Xv6的main函数调用consoleinitkernel/console.c:184)来初始化UART硬件。该代码配置UART:UART对接收到的每个字节的输入生成一个接收中断,对发送完的每个字节的输出生成一个发送完成中断(kernel/uart.c:53)。xv6的shell通过init.c (user/init.c:19)中打开的文件描述符从控制台读取输入。对read的调用实现了从内核流向consoleread (kernel/console.c:82)的数据通路。consoleread等待输入到达(通过中断)并在cons.buf中缓冲,将输入复制到用户空间,然后(在整行到达后)返回给用户进程。如果用户还没有键入整行,任何读取进程都将在sleep系统调用中等待(kernel/console.c:98)(第7章解释了sleep的细节)。

// init: The initial user-level program

#include "kernel/types.h"
#include "kernel/stat.h"
#include "kernel/spinlock.h"
#include "kernel/sleeplock.h"
#include "kernel/fs.h"
#include "kernel/file.h"
#include "user/user.h"
#include "kernel/fcntl.h"

char *argv[] = { "sh", 0 };

int
main(void)
{
  int pid, wpid;

  if(open("console", O_RDWR) < 0){
    mknod("console", CONSOLE, 0);
    open("console", O_RDWR);
  }
  dup(0);  // stdout
  dup(0);  // stderr

  for(;;){
    printf("init: starting sh\n");
    pid = fork();
    if(pid < 0){
      printf("init: fork failed\n");
      exit(1);
    }
    if(pid == 0){
      exec("sh", argv);
      printf("init: exec sh failed\n");
      exit(1);
    }

    for(;;){
      // this call to wait() returns if the shell exits,
      // or if a parentless process exits.
      wpid = wait((int *) 0);
      if(wpid == pid){
        // the shell exited; restart it.
        break;
      } else if(wpid < 0){
        printf("init: wait returned an error\n");
        exit(1);
      } else {
        // it was a parentless process; do nothing.
      }
    }
  }
}

当用户输入一个字符时,UART硬件要求RISC-V发出一个中断,从而激活xv6的陷阱处理程序。陷阱处理程序调用devintrkernel/trap.c:177),它查看RISC-V的scause寄存器,发现中断来自外部设备。然后它要求一个称为PLIC的硬件单元告诉它哪个设备中断了(kernel/trap.c:186)。
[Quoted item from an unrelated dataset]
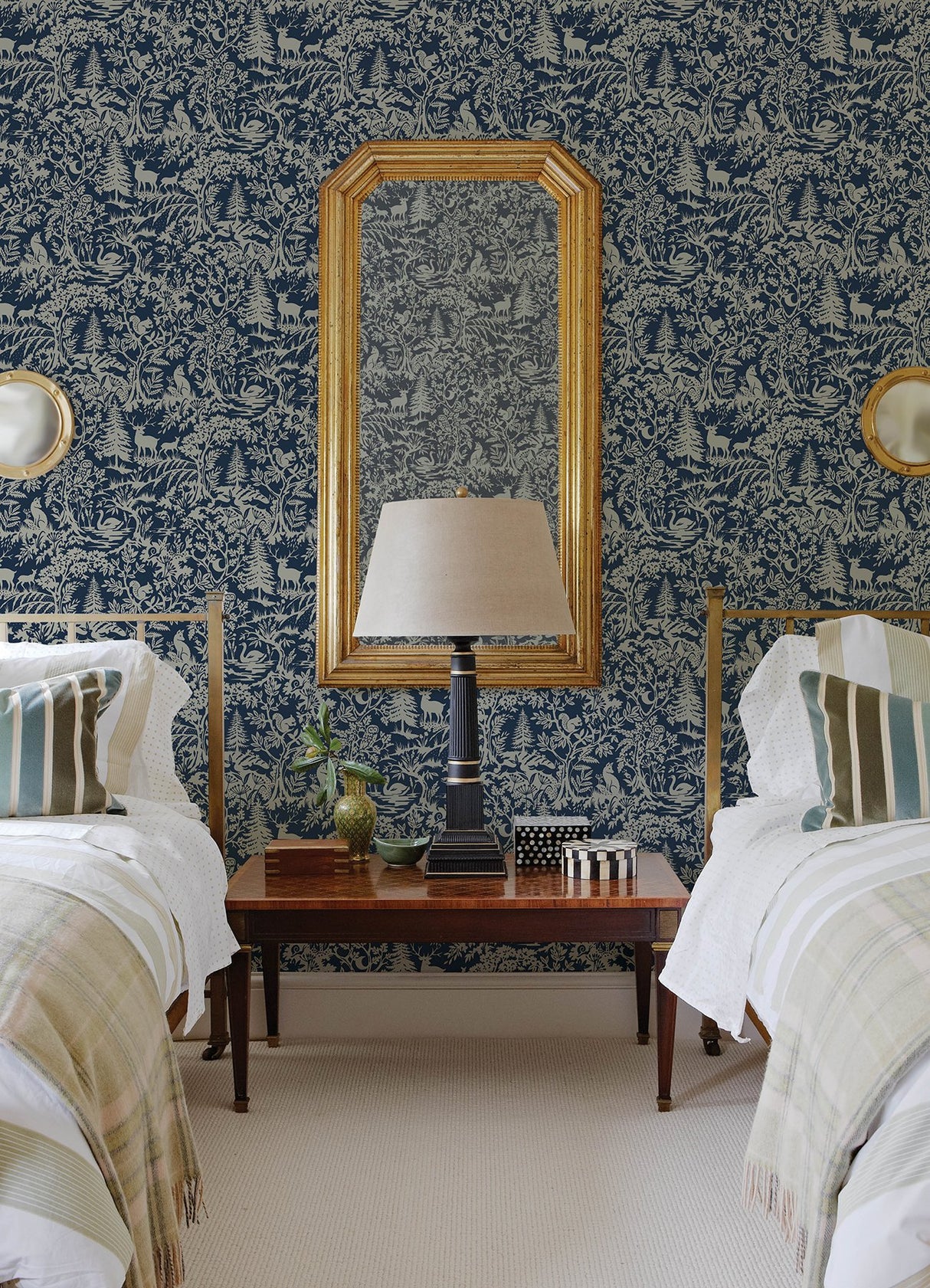 Alrick Navy Forest Venture Wallpaper with Farmhouse Animals Woodland Motif - Brewster 3125-72324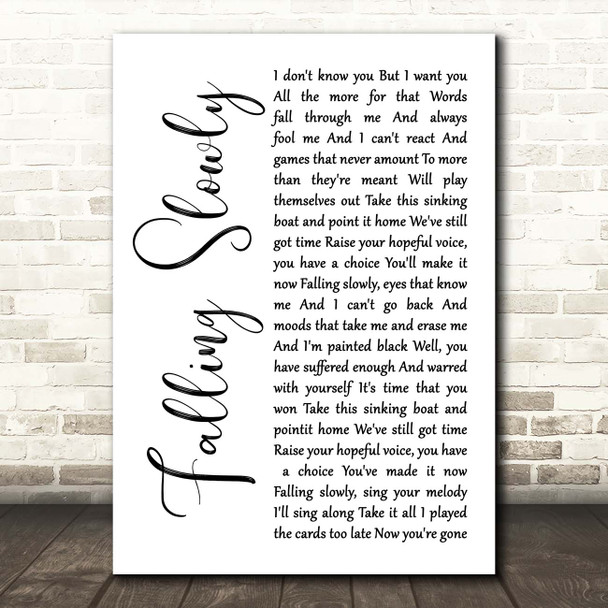 Glen Hansard, Marketa Irglova Falling Slowly White Script Song Lyric Print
如果是UART,devintr调用uartintr

#include "types.h"
#include "param.h"
#include "memlayout.h"
#include "riscv.h"
#include "spinlock.h"
#include "proc.h"
#include "defs.h"

struct spinlock tickslock;
uint ticks;

extern char trampoline[], uservec[], userret[];

// in kernelvec.S, calls kerneltrap().
void kernelvec();

extern int devintr();

void
trapinit(void)
{
  initlock(&tickslock, "time");
}

// set up to take exceptions and traps while in the kernel.
void
trapinithart(void)
{
  w_stvec((uint64)kernelvec);
}

//
// handle an interrupt, exception, or system call from user space.
// called from trampoline.S
//
void
usertrap(void)
{
  int which_dev = 0;

  if((r_sstatus() & SSTATUS_SPP) != 0)
    panic("usertrap: not from user mode");

  // send interrupts and exceptions to kerneltrap(),
  // since we're now in the kernel.
  w_stvec((uint64)kernelvec);

  struct proc *p = myproc();
  
  // save user program counter.
  p->trapframe->epc = r_sepc();
  
  if(r_scause() == 8){
    // system call

    if(p->killed)
      exit(-1);

    // sepc points to the ecall instruction,
    // but we want to return to the next instruction.
    p->trapframe->epc += 4;

    // an interrupt will change sstatus &c registers,
    // so don't enable until done with those registers.
    intr_on();

    syscall();
  } else if((which_dev = devintr()) != 0){
    // ok
  } else {
    printf("usertrap(): unexpected scause %p pid=%d\n", r_scause(), p->pid);
    printf("            sepc=%p stval=%p\n", r_sepc(), r_stval());
    p->killed = 1;
  }

  if(p->killed)
    exit(-1);

  // give up the CPU if this is a timer interrupt.
  if(which_dev == 2)
    yield();

  usertrapret();
}

//
// return to user space
//
void
usertrapret(void)
{
  struct proc *p = myproc();

  // we're about to switch the destination of traps from
  // kerneltrap() to usertrap(), so turn off interrupts until
  // we're back in user space, where usertrap() is correct.
  intr_off();

  // send syscalls, interrupts, and exceptions to trampoline.S
  w_stvec(TRAMPOLINE + (uservec - trampoline));

  // set up trapframe values that uservec will need when
  // the process next re-enters the kernel.
  p->trapframe->kernel_satp = r_satp();         // kernel page table
  p->trapframe->kernel_sp = p->kstack + PGSIZE; // process's kernel stack
  p->trapframe->kernel_trap = (uint64)usertrap;
  p->trapframe->kernel_hartid = r_tp();         // hartid for cpuid()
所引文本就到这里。